The Window on OMT is Closing
OMT was a stretch. Draghi looked for loopholes and seemed to have found them. Merkel could pretend to be surprised and the Bundesbank could complain, but in the end they could shrug their shoulders and say that the ECB was acting “independently” as it should.
I have argued repeatedly, that Draghi is desperate to get pregnant. He wants to start OMT NOW!!!! He knows he stretched the mandate. He knew some countries (Finland) and some National Central Banks (Bundesbank) would be opposed from the start. He knows that in each and every country within Europe there is growing disagreement over the direction that the EU and ECB have been going. He knows that while the ESM was only be challenged in the German courts, there is risk of other challenges.
He wanted to launch a program, buy bonds, “get pregnant” so that he could continue to grow the balance sheet to the point that the dissenters would get more scared of losses from existing positions than of growing the positions. That has been a key element of all European policies. They have been “slippery slope” policies, where once they started on small or even temporary policies, the fear of being exposed as having been wrong, has lead them to expand their policies.
Draghi needs that on OMT. Every day that goes by, increases the risk that the deal is challenged.
I also strongly believe that the IMF could have made the terms of OMT relatively favorable for Spain and Italy. They could have gone along the lines of the “Fiscal Compact” which both countries have already agreed to.
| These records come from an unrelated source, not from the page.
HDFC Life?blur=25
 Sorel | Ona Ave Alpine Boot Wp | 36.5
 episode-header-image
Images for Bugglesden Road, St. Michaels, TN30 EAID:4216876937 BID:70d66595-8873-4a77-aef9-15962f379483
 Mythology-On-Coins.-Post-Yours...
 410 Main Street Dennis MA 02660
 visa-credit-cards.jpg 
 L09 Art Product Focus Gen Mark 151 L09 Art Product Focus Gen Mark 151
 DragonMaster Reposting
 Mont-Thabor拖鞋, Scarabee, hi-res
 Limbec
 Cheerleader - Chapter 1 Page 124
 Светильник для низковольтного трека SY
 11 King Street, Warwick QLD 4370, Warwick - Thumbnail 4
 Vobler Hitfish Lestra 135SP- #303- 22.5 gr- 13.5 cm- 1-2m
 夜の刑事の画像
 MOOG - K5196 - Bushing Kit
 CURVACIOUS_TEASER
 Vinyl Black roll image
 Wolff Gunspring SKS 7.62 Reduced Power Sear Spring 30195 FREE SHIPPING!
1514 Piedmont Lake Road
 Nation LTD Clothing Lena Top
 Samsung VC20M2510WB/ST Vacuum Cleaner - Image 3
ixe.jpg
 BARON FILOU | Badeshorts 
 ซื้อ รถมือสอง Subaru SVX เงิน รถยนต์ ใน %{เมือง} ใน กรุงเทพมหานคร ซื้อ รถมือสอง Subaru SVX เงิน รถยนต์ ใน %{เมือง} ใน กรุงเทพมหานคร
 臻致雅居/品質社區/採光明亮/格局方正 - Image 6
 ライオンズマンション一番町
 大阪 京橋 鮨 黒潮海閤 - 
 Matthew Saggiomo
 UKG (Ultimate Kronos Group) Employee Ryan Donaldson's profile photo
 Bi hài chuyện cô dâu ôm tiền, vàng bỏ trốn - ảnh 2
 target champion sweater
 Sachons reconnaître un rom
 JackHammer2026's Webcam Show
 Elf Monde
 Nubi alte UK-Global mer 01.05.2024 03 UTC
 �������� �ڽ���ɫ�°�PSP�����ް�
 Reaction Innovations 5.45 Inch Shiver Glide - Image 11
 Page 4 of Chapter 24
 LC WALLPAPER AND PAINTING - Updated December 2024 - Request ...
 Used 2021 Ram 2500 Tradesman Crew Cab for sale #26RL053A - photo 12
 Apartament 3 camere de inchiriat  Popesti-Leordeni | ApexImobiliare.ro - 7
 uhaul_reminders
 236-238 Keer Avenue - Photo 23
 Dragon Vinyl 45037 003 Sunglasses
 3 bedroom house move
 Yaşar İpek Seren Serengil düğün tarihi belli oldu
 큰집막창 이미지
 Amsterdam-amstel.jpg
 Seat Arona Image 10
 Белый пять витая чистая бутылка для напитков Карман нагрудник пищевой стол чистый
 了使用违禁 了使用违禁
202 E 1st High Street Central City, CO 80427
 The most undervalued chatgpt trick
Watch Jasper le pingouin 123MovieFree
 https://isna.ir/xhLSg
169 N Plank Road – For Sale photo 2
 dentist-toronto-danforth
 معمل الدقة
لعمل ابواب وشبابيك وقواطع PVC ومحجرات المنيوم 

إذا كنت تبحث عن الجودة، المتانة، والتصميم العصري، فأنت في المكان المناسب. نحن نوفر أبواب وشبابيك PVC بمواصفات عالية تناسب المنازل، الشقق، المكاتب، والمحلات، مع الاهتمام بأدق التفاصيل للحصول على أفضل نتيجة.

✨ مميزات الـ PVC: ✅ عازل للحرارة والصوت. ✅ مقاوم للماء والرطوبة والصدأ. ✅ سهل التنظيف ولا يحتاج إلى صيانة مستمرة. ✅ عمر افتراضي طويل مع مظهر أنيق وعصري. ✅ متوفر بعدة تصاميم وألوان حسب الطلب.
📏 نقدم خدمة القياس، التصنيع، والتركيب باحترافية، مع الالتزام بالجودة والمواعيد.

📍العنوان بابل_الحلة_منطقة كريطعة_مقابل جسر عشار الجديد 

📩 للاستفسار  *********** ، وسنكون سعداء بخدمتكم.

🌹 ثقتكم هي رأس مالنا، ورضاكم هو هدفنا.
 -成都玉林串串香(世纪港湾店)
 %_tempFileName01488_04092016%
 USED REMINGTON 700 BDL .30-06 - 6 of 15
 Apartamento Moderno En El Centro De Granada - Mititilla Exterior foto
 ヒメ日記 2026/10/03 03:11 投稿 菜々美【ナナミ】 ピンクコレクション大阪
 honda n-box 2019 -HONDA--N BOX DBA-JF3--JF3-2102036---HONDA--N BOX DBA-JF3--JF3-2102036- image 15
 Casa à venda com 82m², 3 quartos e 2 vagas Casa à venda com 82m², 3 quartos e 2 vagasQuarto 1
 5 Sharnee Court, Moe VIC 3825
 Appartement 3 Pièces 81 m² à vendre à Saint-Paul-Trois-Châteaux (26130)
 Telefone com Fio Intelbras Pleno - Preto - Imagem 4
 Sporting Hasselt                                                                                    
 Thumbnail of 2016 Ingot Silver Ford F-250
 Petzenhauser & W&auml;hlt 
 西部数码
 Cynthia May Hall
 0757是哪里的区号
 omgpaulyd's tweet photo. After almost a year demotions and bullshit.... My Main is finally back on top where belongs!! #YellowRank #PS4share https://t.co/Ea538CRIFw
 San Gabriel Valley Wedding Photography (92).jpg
That would have caused some screams in German and even Greece, but they probably could have pushed it through in the confusion.
But now opposition has had time to organize. If the ECB’s plan is really within its mandate (and growing risk of investigations into that), then the other way to stop it, is to make terms harsh, with regular check-ups.
The ability to sneak through an agreement with few obligations on the part of Spain or Italy, and relatively few ongoing checks and balances is diminishing. There will now be strong opposition to this, and that opposition has recovered from the initial shock when they could possibly have been railroaded.
Finally, Mme Lagarde’s latest attempt to become involved in the money throwing party is unlikely to give anyone, including the U.S., a sense that she is performing her duties in an unbiased way. She is rapidly losing trust, as more people see her going out of her way to support her beloved Europe without representing her constituents (U.S., China, Japan, etc.). She seems left out as not being in the top 5 most important people in the world (along with fellow unelected bankers Ben and Mario).
So there is growing distrust of the IMF, at least outside of Europe, and even within Europe, reports that some countries are unhappy with their policies and monitoring in existing recipient countries.
On the other side, you have Rajoy. Enough said. If you are a bear, he is your best friend.
So something may get cobbled together, but I think the opportunity for a less onerous plan is long gone. We will now see something with conditions that the market doesn’t believe will be met, coupled with regular check-ups that would terminate the plan when those conditions aren’t met. More muddling along, which neither the market, nor the economy will react positively to.